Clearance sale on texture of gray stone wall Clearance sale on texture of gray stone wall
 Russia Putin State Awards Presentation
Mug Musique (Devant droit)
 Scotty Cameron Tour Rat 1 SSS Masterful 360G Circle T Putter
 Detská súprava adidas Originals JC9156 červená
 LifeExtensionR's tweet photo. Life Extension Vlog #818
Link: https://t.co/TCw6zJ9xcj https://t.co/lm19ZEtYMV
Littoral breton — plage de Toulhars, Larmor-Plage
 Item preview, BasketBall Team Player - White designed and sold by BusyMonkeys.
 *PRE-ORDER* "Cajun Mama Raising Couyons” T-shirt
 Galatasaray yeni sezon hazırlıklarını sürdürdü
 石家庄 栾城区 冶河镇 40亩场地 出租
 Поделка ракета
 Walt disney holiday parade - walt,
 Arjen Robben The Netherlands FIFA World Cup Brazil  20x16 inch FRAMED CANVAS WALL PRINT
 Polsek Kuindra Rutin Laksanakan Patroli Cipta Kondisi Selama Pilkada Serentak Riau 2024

▶ [Task requirements]:
Retype all the records above without changing a word.

▶ [Written response]:
Clearance sale on texture of gray stone wall Clearance sale on texture of gray stone wall
 Russia Putin State Awards Presentation
Mug Musique (Devant droit)
 Scotty Cameron Tour Rat 1 SSS Masterful 360G Circle T Putter
 Detská súprava adidas Originals JC9156 červená
 LifeExtensionR's tweet photo. Life Extension Vlog #818
Link: https://t.co/TCw6zJ9xcj https://t.co/lm19ZEtYMV
Littoral breton — plage de Toulhars, Larmor-Plage
 Item preview, BasketBall Team Player - White designed and sold by BusyMonkeys.
 *PRE-ORDER* "Cajun Mama Raising Couyons” T-shirt
 Galatasaray yeni sezon hazırlıklarını sürdürdü
 石家庄 栾城区 冶河镇 40亩场地 出租
 Поделка ракета
 Walt disney holiday parade - walt,
 Arjen Robben The Netherlands FIFA World Cup Brazil  20x16 inch FRAMED CANVAS WALL PRINT
 Polsek Kuindra Rutin Laksanakan Patroli Cipta Kondisi Selama Pilkada Serentak Riau 2024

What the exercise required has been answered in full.